→ Task goal
Please restate every line below exactly, without any pictures.

→ Available data
------------------------------------------------------------
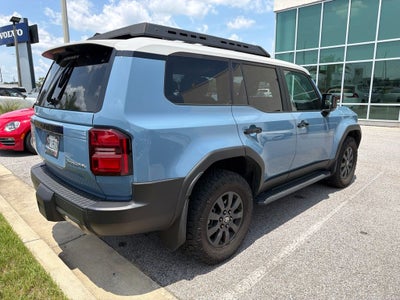 2025 Toyota Land Cruiser Base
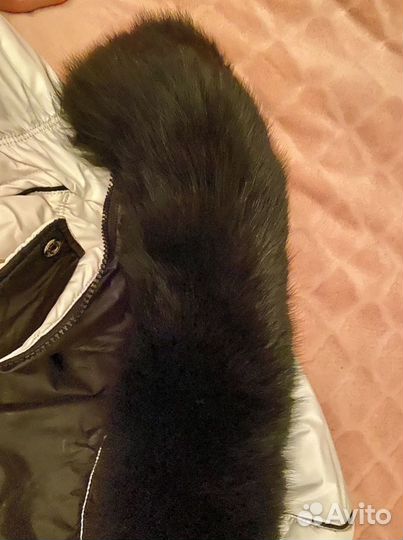 Воротник мех песца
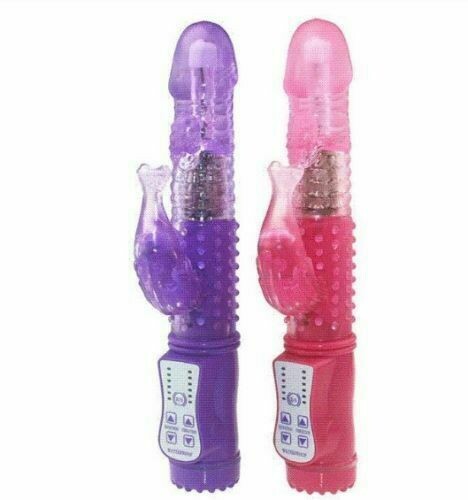 12 Speeds Rabbit G-Spot Vibrator and Rotation Sex Toy - Pleazure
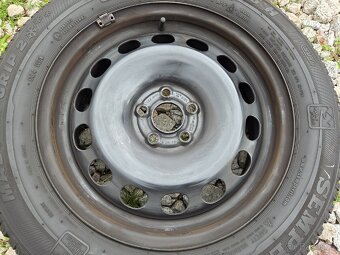 Zimní sada Škoda RAPID, SCALA 16" 5x100 195/60/16 - 9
------------------------------------------------------------
→ Answer box
 2025 Toyota Land Cruiser Base
 Воротник мех песца
 12 Speeds Rabbit G-Spot Vibrator and Rotation Sex Toy - Pleazure
 Zimní sada Škoda RAPID, SCALA 16" 5x100 195/60/16 - 9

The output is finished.